Walter Defends Sarajevo (; ) is a 1972 Yugoslav partisan film, directed by Hajrudin Krvavac and starring Bata Živojinović, Ljubiša Samardžić and Rade Marković. The film centres around a mysterious figure named 'Walter', who is actively disrupting the attempts of German commander Alexander Löhr to retreat from the Balkans. The film's eponymous character, Walter, is loosely based around Vladimir Perić, whose nom de guerre was 'Valter'.

Plot
In late 1944, as the end of World War II approaches, the Wehrmacht's high command determines to pull out General Alexander Löhr's Army Group E from the Balkans back to Germany. They plan to supply the tank columns with fuel from a depot in Sarajevo. The Yugoslav partisans' leader in the city, a mysterious man known as Walter, presents a grave danger to the operation's success, and the Germans dispatch Standartenführer von Dietrich of the SD to deal with him. As no one in the city seems to know what Walter even looks like, Dietrich manages to have an operative infiltrate the resistance under the guise of Walter himself. The partisans are caught in a deadly game of betrayal, fraud and imposture while trying to frustrate the Germans' plans.

Ending
At the end of the movie, von Dietrich muses that he has finally realised why he never managed to defeat his nemesis Walter; standing on a hill he points at Sarajevo below and remarks in German: Sehen Sie diese Stadt?  Das ist Walter! ("You see that city?  That's Walter!")  This was intended to send a message of unity consistent with the official politics of the multi-ethnic state of Yugoslavia.

Cast
Bata Živojinović as Pilot (Walter)
Ljubiša Samardžić as Zis
Rade Marković as Sead Kapetanović
Slobodan Dimitrijević as Suri
Neda Spasojević as Mirna
Dragomir Gidra Bojanić as Kondor
Pavle Vuisić as train dispatcher
Faruk Begolli as Branko
Stevo Žigon as Dr Mišković
Jovan Janićijević as Josic
Relja Bašić as Obersturmführer
Hannjo Hasse as Col. von Dietrich
Rolf Römer as SS-Hauptsturmführer Bischoff
Fred Delmare as Sgt. Edele (credited as Axel Delmare)
Herbert Köfer as German general
Wilhelm Koch-Hooge as Lieutenant Colonel Hagen
Helmut Schreiber as Lieutenant Colonel Weiland
Emir Kusturica as a young man

Production
Although not aiming to reflect history, the film's leading character was named after the partisan leader Vladimir Perić, known by his nom de guerre 'Walter', who commanded a resistance group in Sarajevo from 1943 until his death in the battle to liberate the city on April 6, 1945. Hajrudin Krvavac dedicated the picture to the people of Sarajevo and their heroism during the war.

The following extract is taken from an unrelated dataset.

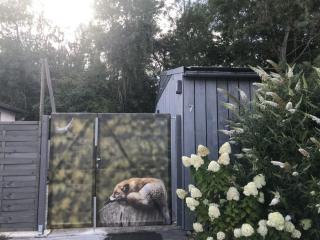 Naturferienhaus Klein Rosenburg für 2 Personen - Klein Rosenburg - 9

The film marked the beginning of Emir Kusturica's career in cinema. Sixteen years of age at the time, it was his first appearance on film in a small role playing a young communist activist.

Release
The film premiered in Sarajevo on Wednesday, 12 April 1972 in front of 5,000 spectators at the recently built Skenderija Hall. The venue thus hosted another lavish partisan film première, two and a half years after Veljko Bulajić's Battle of Neretva premiered in October 1969. Marshal Josip Broz Tito wasn't in attendance this time, though the premiere still saw its share of Yugoslav celebrities and functionaries including the film's cast as well as the Red Star Belgrade head coach Miljan Miljanić, actress Špela Rozin, Skenderija's director and former Sarajevo mayor Ljubo Kojo, Bosna Film chairman Neđo Parežanin, etc.

Reception
Walter Defends Sarajevo received a favorable response from the Yugoslav audience, especially in Sarajevo itself.

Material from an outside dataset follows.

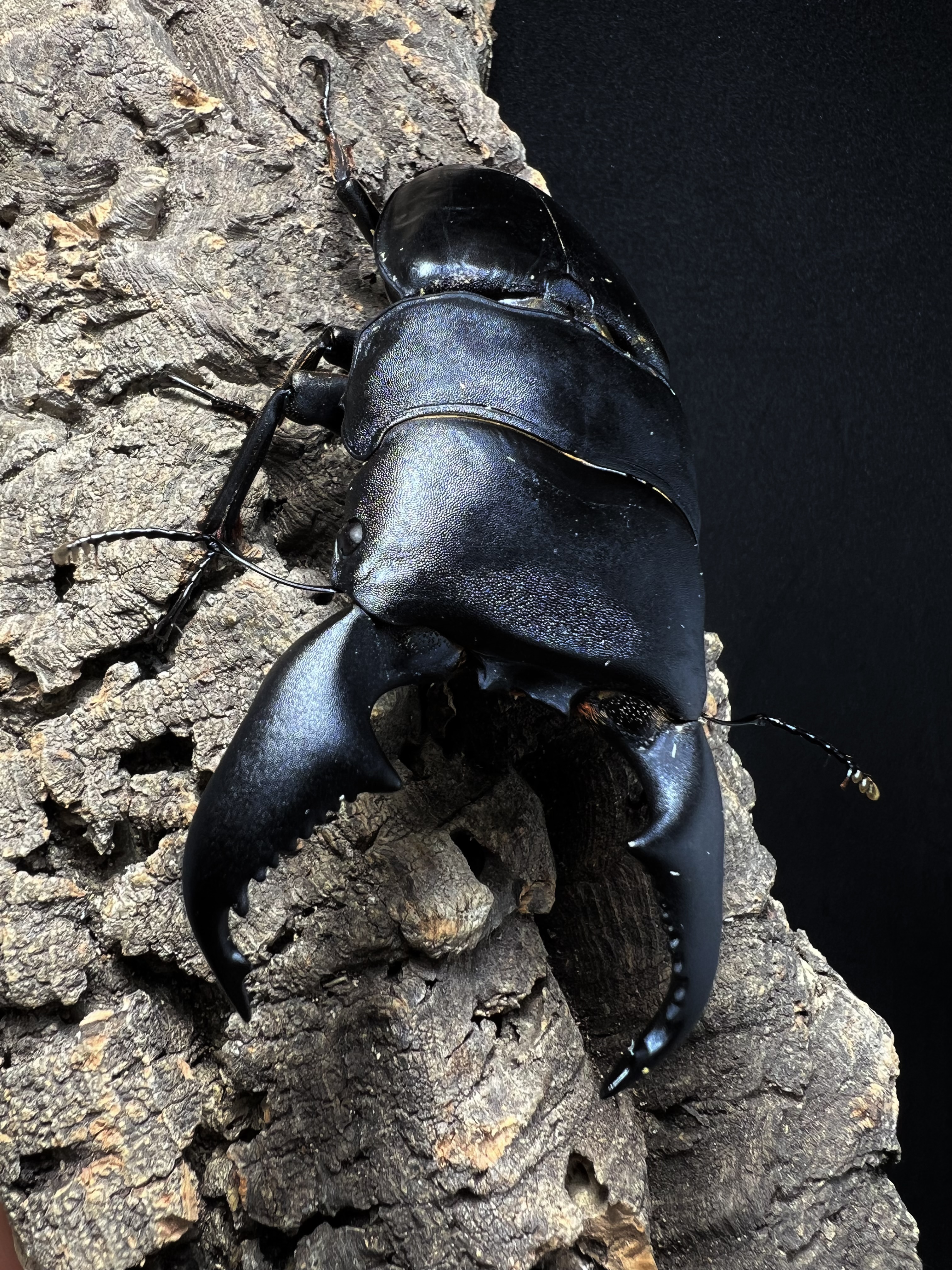 Dorcus titanus yasuokai 97mm.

The film was distributed in sixty countries, and achieved its greatest success in the People's Republic of China, becoming the country's most popular foreign film in the 1970s. Owing mainly to the Chinese audience, Walter Defends Sarajevo is one of the most watched war films of all time.

Legacy

The theme of brotherhood and unity within the Yugoslav population in the face of foreign occupation became a point of reference for the New Primitives' punk sub-culture. Zabranjeno Pušenje, one of the movement's leading bands, named their first album Das ist Walter, in honour of the film.

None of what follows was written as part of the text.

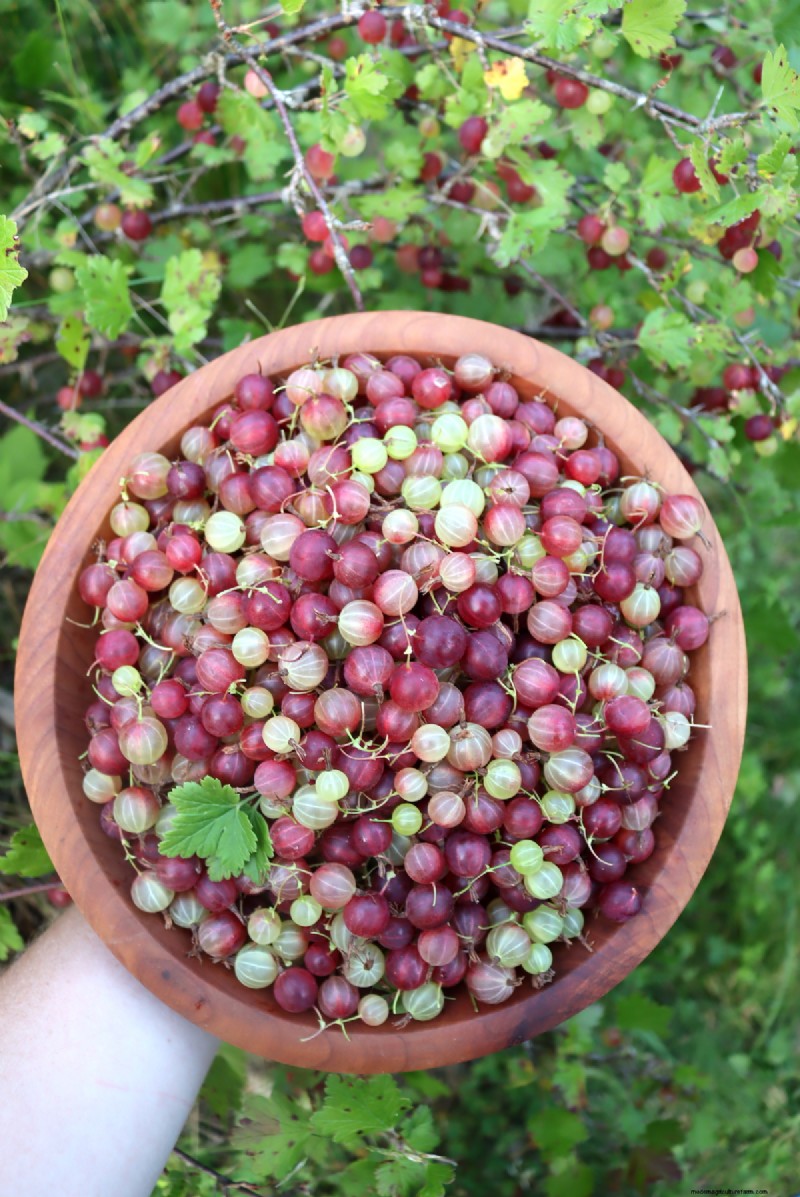 Coltiva il tuo:oltre 10 frutti facilmente propagabili dalle talee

In China, children and streets were named after characters from the film, and a beer brand called 'Walter' was marketed with Velimir Živojinović's picture on the label. It still enjoys great popularity in the country. The film also continues to remain a mainstay of diplomatic and economic relations between China and the Western Balkans, with Chinese tourists contributing significantly to local tourism industries, and the implementation of visa-free travel between Bosnia and China.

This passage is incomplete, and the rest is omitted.